What to produce
Each entry needs to be repeated exactly, with nothing added or removed.

Available records
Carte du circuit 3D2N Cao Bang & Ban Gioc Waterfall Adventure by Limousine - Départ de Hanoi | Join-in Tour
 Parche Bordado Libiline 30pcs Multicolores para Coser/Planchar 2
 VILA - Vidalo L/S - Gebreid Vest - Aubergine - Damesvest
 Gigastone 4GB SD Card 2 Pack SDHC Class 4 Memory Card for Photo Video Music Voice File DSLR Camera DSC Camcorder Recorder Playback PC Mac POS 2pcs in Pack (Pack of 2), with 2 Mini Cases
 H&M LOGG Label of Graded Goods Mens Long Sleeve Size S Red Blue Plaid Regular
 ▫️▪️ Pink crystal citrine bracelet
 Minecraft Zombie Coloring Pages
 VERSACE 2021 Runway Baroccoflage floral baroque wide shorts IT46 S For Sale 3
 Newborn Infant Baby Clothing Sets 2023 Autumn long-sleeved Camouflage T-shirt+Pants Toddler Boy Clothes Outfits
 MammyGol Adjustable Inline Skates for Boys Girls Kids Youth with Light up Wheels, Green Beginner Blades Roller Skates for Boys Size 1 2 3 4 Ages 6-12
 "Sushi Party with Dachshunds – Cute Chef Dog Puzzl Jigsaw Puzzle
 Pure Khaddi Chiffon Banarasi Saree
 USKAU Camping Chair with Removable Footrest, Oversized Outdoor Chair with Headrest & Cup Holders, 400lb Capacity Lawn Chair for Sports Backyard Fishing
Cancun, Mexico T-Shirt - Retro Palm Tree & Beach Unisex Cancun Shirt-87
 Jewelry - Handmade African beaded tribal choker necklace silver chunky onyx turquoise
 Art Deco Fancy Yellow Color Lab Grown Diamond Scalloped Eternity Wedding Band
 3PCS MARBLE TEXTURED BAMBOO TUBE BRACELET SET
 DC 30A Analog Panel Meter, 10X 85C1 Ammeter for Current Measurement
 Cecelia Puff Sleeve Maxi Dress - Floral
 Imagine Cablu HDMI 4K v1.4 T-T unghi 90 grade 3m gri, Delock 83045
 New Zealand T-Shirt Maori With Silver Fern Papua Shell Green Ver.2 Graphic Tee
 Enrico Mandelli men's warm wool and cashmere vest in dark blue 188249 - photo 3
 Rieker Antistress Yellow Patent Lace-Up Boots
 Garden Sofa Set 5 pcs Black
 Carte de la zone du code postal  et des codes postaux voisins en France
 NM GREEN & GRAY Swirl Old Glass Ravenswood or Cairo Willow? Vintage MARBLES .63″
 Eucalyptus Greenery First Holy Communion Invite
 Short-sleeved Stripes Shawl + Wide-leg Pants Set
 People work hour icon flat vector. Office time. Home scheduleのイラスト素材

Written response
Carte du circuit 3D2N Cao Bang & Ban Gioc Waterfall Adventure by Limousine - Départ de Hanoi | Join-in Tour
 Parche Bordado Libiline 30pcs Multicolores para Coser/Planchar 2
 VILA - Vidalo L/S - Gebreid Vest - Aubergine - Damesvest
 Gigastone 4GB SD Card 2 Pack SDHC Class 4 Memory Card for Photo Video Music Voice File DSLR Camera DSC Camcorder Recorder Playback PC Mac POS 2pcs in Pack (Pack of 2), with 2 Mini Cases
 H&M LOGG Label of Graded Goods Mens Long Sleeve Size S Red Blue Plaid Regular
 ▫️▪️ Pink crystal citrine bracelet
 Minecraft Zombie Coloring Pages
 VERSACE 2021 Runway Baroccoflage floral baroque wide shorts IT46 S For Sale 3
 Newborn Infant Baby Clothing Sets 2023 Autumn long-sleeved Camouflage T-shirt+Pants Toddler Boy Clothes Outfits
 MammyGol Adjustable Inline Skates for Boys Girls Kids Youth with Light up Wheels, Green Beginner Blades Roller Skates for Boys Size 1 2 3 4 Ages 6-12
 "Sushi Party with Dachshunds – Cute Chef Dog Puzzl Jigsaw Puzzle
 Pure Khaddi Chiffon Banarasi Saree
 USKAU Camping Chair with Removable Footrest, Oversized Outdoor Chair with Headrest & Cup Holders, 400lb Capacity Lawn Chair for Sports Backyard Fishing
Cancun, Mexico T-Shirt - Retro Palm Tree & Beach Unisex Cancun Shirt-87
 Jewelry - Handmade African beaded tribal choker necklace silver chunky onyx turquoise
 Art Deco Fancy Yellow Color Lab Grown Diamond Scalloped Eternity Wedding Band
 3PCS MARBLE TEXTURED BAMBOO TUBE BRACELET SET
 DC 30A Analog Panel Meter, 10X 85C1 Ammeter for Current Measurement
 Cecelia Puff Sleeve Maxi Dress - Floral
 Imagine Cablu HDMI 4K v1.4 T-T unghi 90 grade 3m gri, Delock 83045
 New Zealand T-Shirt Maori With Silver Fern Papua Shell Green Ver.2 Graphic Tee
 Enrico Mandelli men's warm wool and cashmere vest in dark blue 188249 - photo 3
 Rieker Antistress Yellow Patent Lace-Up Boots
 Garden Sofa Set 5 pcs Black
 Carte de la zone du code postal  et des codes postaux voisins en France
 NM GREEN & GRAY Swirl Old Glass Ravenswood or Cairo Willow? Vintage MARBLES .63″
 Eucalyptus Greenery First Holy Communion Invite
 Short-sleeved Stripes Shawl + Wide-leg Pants Set
 People work hour icon flat vector. Office time. Home scheduleのイラスト素材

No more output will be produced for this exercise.